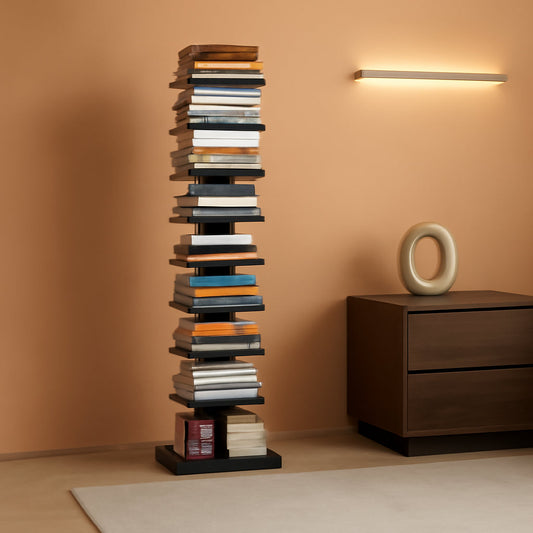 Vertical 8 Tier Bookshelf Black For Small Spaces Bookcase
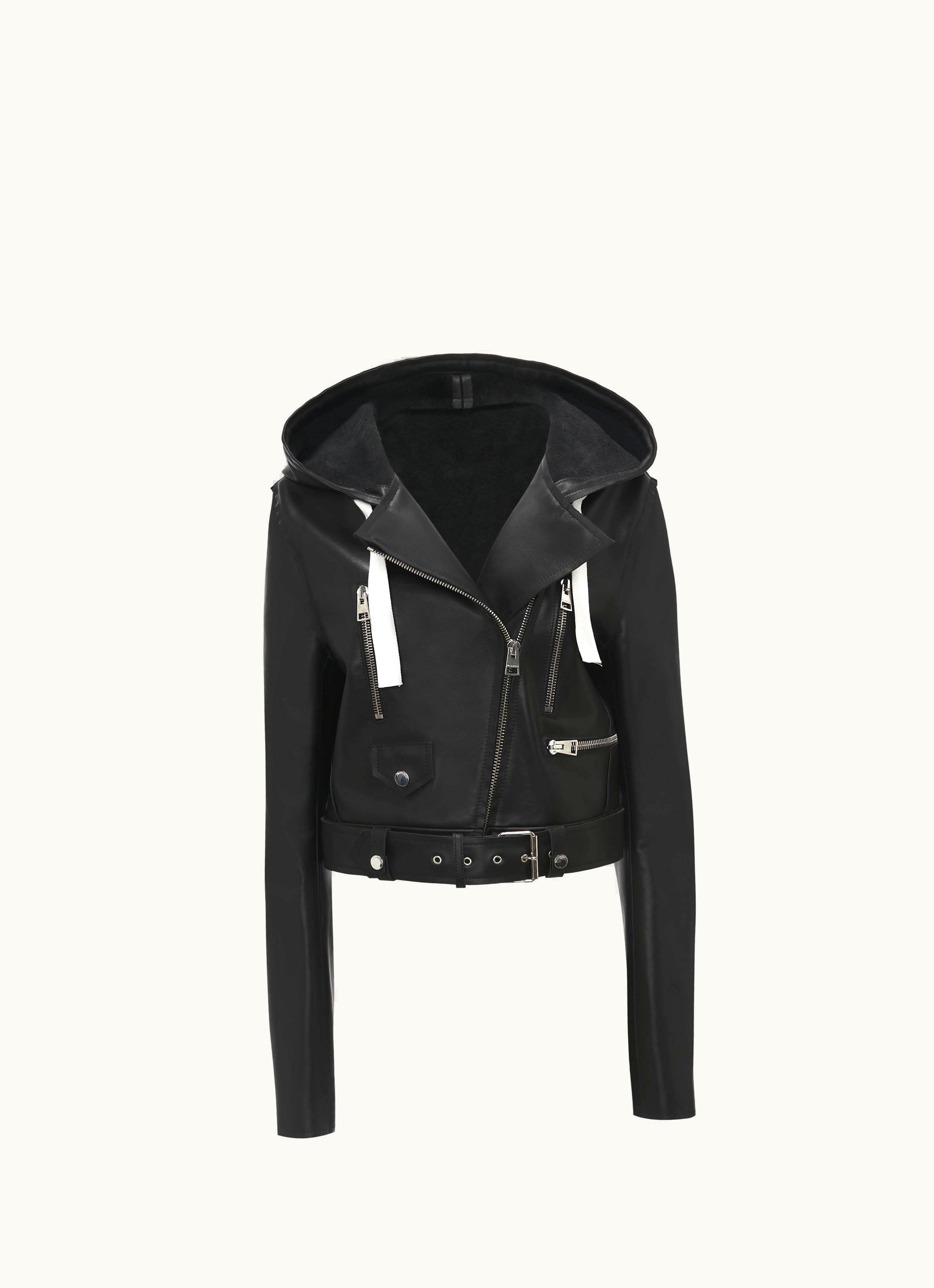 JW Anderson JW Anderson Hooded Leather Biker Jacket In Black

════════

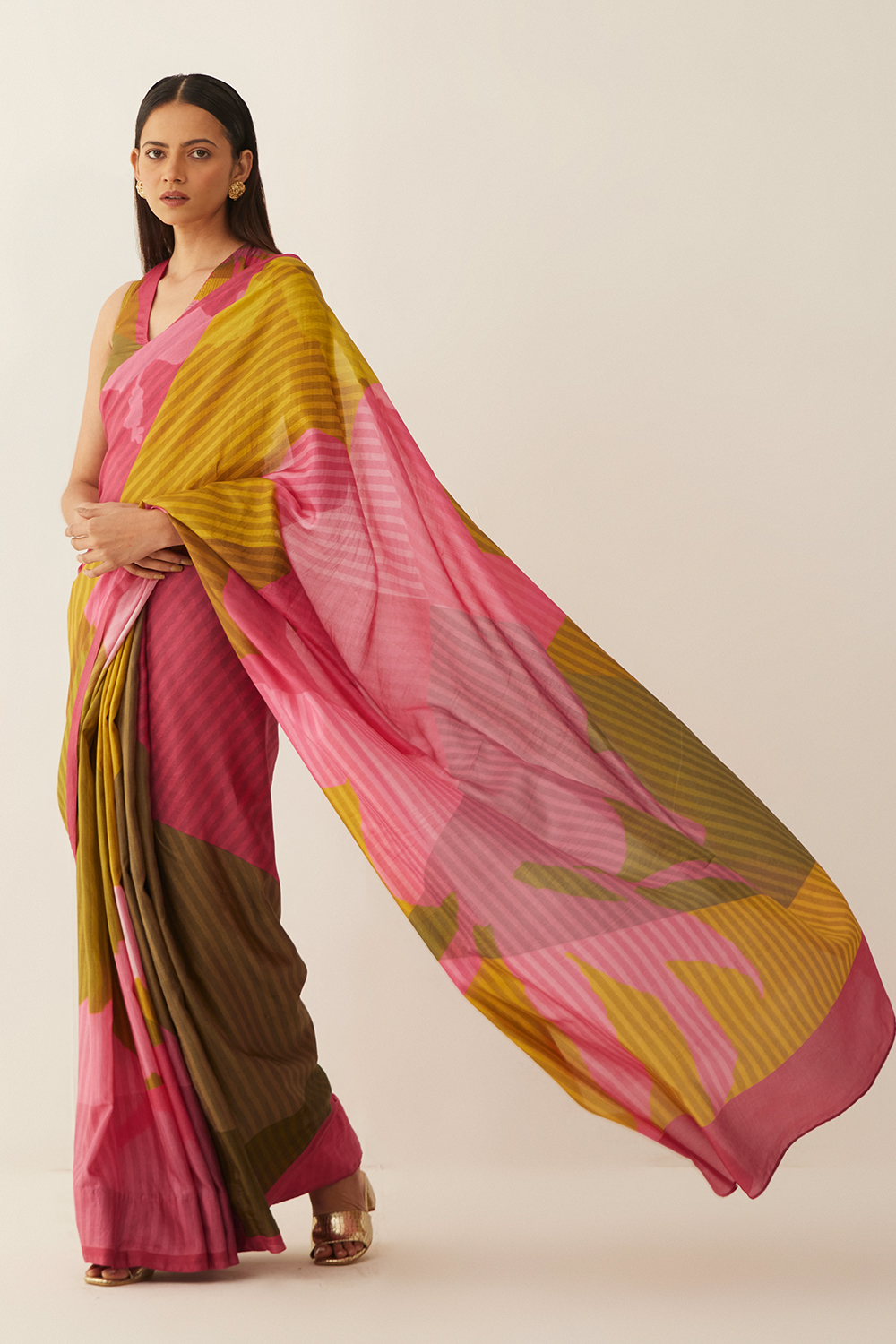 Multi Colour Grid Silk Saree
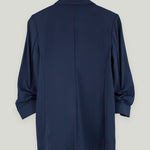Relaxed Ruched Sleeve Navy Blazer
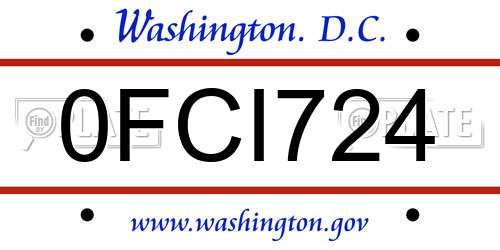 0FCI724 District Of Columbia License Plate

════════

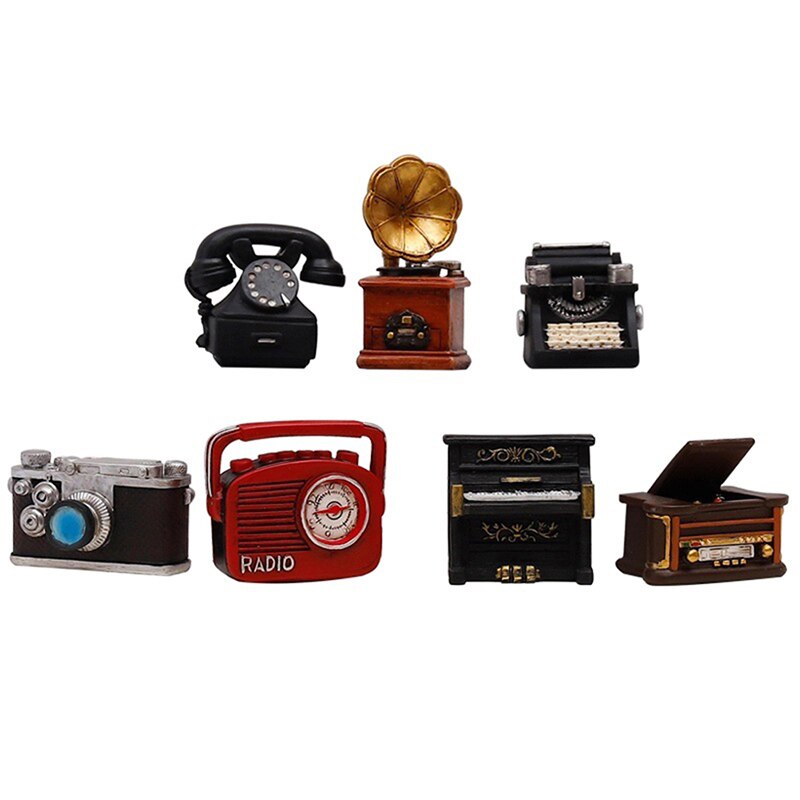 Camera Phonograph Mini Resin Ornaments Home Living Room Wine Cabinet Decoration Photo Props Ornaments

════════

● **WHAT THE TASK REQUIRES**
When you reach the line with "Vertical 8 Tier" in the records above, begin repeating the lines exactly, and stop after the line with "JW Anderson JW". Skip all pictures.

● **TASK ANSWER**
 Vertical 8 Tier Bookshelf Black For Small Spaces Bookcase
 JW Anderson JW Anderson Hooded Leather Biker Jacket In Black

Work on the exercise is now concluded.